I was on Twitter the other day and raised this question:
Now, don’t get me wrong - openSUSE is a great project. About a year ago they came up with a new strategy of two openSUSE versions: Leap and Tumbleweed. Leap is somewhat of an LTS, with 3 years of support, including two minor versions upgrades. Tumbleweed on the other hand is a bleeding edge rolling distribution. This is a great strategy and all, but why would anyone use openSUSE over Ubuntu or CentOS if one is looking for stability? This dude stepped up:
And he turns out to be the openSUSE chairman. And Mr. Brown is making a big case for openSUSE Tumbleweed on his blog: Why You Should Use Tumbleweed. And he has been repeating this story around the web, promoting Tumbleweed and encouraging people to trust it and their automated testing. Obviously I have ot try myself and see how does it roll.
###Setting up Tumbleweed
openSUSE Tumbleweed is delivered in massive a DVD-sized .ISO file that act as the installation media.
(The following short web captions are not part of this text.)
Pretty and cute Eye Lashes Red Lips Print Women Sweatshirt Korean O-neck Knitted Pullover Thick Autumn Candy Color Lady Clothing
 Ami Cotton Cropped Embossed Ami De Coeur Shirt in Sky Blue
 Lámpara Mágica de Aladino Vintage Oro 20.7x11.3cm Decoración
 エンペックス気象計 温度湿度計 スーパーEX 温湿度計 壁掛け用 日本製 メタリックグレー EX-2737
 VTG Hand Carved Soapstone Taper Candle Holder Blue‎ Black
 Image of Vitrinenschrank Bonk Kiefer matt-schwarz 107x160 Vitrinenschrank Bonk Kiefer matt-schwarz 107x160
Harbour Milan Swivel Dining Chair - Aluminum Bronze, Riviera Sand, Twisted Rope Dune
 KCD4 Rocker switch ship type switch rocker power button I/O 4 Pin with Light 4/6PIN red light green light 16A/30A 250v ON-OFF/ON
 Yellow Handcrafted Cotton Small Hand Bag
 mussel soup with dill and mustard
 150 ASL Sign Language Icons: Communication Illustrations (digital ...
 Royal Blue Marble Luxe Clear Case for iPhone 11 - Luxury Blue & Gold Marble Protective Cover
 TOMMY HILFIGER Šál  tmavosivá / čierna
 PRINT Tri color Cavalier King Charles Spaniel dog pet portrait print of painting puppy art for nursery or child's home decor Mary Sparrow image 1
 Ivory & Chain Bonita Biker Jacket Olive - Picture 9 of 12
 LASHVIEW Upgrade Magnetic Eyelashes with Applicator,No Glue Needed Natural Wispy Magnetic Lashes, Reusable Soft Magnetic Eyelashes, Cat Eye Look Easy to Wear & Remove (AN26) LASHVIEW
It is worth emphasizing that this media does not have a bootable live session, so if you need one before installation then use something else. The installation procedure is rather standard and does not differ very much from any other distribution. Defining the partition setup manually was even more cumbersome than usual.
As the desktop I chose KDE 5.8, but openSUSE ships Gnome (and others) as well. The Plasma 5 is finally getting stable, so I decided to give it another chance:
https://two.tappara.co/t/plasma-5-8-lts-making-kde-great-again/321
So the Tumbleweed is now installed and everything is OK so far. I will be making only the smallest amount of changes to the system, as the idea is to find out how steady does the Tumbleweed roll. The initial expression is good. The Plasma 5 desktop eats less than 400MB of RAM after first boot, and the setup runs fine on my aging Thinkpad X301. openSUSE Tumbleweed ships with a very basic Plasma 5 configuration, with only minimal customization.
So this is the day 1 of the long term test. Now we just need more miles and days on this setup. It is worth mentionng that openSUSE still ships without proprietary audio and video codecs, so that is something we need to look into in the very near future. I will be updating this thread regularly and let’s see how it goes.